Alport syndrome (AS) is an inherited genetic disorder characterized by range of alterations from glomerular basement membrane abnormalities up to end-stage renal disease. Pathogenic variants in the collagen α3, α4, and α5 encoding genes are causative both of the autosomal dominant and of the X-linked forms of AS. Podocytes are the only renal cells that are able to produce the COL(IV)a3-a4a5 heterotrimer. We have previously demonstrated how it is possible to isolate podocyte-lineage cells from urine of patients, providing an easily accessible cellular model closer to the podocytes’ physiological conditions. Taking advantage of disease-relevant cell lines, we employed a two-plasmid approach in order to achieve a beneficial and stable variant-specific correction using CRISPR/Cas9 genome editing. One plasmid carries a Donor DNA and a reporter system mCherry/GFP to track the activity of Cas9 in cells. The other plasmid carries a self-cleaving SpCas9 and the variant-specific sgRNA. We have analyzed two stable podocyte-lineage cell lines, harboring a variant in the X-linked COL4A5 (p.(Gly624Asp)) and in the autosomal COL4A3 gene (p.(Gly856Glu)). We have achieved reversion of variants greater than 40% with undesired insertions/deletions lower than 15%. Overall, we have demonstrated a new gene therapy approach directly on patients’ cells, key players of Alport pathogenesis, and we have reverted COL4 causative variants towards the wild type state. These results, in combination with preclinical models, could open new frontiers in the management and the treatment of the disorder.

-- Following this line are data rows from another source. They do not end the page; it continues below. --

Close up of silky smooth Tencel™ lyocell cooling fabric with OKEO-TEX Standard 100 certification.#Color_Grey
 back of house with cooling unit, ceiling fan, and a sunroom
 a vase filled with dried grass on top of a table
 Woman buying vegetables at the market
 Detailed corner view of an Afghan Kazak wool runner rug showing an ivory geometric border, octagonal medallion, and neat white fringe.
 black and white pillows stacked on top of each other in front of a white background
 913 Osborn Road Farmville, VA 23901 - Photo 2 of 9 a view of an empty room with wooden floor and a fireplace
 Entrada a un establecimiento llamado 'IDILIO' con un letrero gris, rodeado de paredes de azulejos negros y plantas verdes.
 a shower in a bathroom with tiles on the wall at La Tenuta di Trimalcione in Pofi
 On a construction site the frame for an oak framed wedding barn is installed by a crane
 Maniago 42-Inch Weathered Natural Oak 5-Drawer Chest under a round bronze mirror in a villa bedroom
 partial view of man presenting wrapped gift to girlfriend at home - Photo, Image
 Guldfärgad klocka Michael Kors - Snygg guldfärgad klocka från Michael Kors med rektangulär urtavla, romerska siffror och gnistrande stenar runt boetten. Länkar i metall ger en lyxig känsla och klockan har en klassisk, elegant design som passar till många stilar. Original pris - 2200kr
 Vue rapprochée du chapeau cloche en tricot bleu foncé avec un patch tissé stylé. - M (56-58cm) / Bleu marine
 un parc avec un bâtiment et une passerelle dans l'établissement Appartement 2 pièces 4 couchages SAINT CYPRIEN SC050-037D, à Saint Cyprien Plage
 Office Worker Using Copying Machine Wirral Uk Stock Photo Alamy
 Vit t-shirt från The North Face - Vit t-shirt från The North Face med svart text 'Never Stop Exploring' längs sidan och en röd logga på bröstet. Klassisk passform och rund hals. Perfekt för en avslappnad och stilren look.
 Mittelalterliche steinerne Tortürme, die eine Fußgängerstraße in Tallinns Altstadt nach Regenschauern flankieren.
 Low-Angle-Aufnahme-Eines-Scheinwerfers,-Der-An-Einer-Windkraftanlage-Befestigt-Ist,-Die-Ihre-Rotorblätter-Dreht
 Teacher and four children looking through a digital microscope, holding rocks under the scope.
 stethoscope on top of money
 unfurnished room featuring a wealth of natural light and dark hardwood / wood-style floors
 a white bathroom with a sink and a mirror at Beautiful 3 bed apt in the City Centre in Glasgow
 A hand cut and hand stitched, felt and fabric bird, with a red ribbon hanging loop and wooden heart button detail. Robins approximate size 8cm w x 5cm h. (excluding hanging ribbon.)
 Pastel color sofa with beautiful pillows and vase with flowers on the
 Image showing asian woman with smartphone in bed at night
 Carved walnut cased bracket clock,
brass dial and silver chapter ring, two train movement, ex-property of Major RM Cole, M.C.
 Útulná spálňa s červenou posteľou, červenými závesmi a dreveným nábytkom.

Alport 综合征 (AS) 是一种遗传性疾病，其特征是从肾小球基底膜异常到终末期肾病的一系列改变。胶原蛋白 α3、α4 和 α5 编码基因中的致病变异是常染色体显性和 X 连锁形式 AS 的致病因素。足细胞是唯一能够产生 COL(IV)a3-a4a5 异源三聚体的肾细胞。我们之前已经证明了如何从患者的尿液中分离出足细胞系细胞，从而提供了一种更接近足细胞生理条件的易于获取的细胞模型。利用疾病相关细胞系，我们采用双质粒方法，以使用 CRISPR/Cas9 基因组编辑实现有益且稳定的变异特异性校正。一个质粒携带一个供体 DNA 和一个报告系统 mCherry/GFP 以跟踪细胞中 Cas9 的活性。另一个质粒携带自切割 SpCas9 和变体特异性 sgRNA。我们分析了两个稳定的足细胞谱系细胞系，它们在 X 连锁COL4A5 (p.(Gly624Asp)) 和常染色体COL4A3基因 (p.(Gly856Glu))。我们已经实现了大于 40% 的变体逆转，以及低于 15% 的不需要的插入/删除。总的来说，我们已经展示了一种直接针对患者细胞（Alport 发病机制的关键参与者）的新基因治疗方法，并且我们已经将COL4致病变异恢复为野生型状态。这些结果与临床前模型相结合，可以为该疾病的管理和治疗开辟新的领域。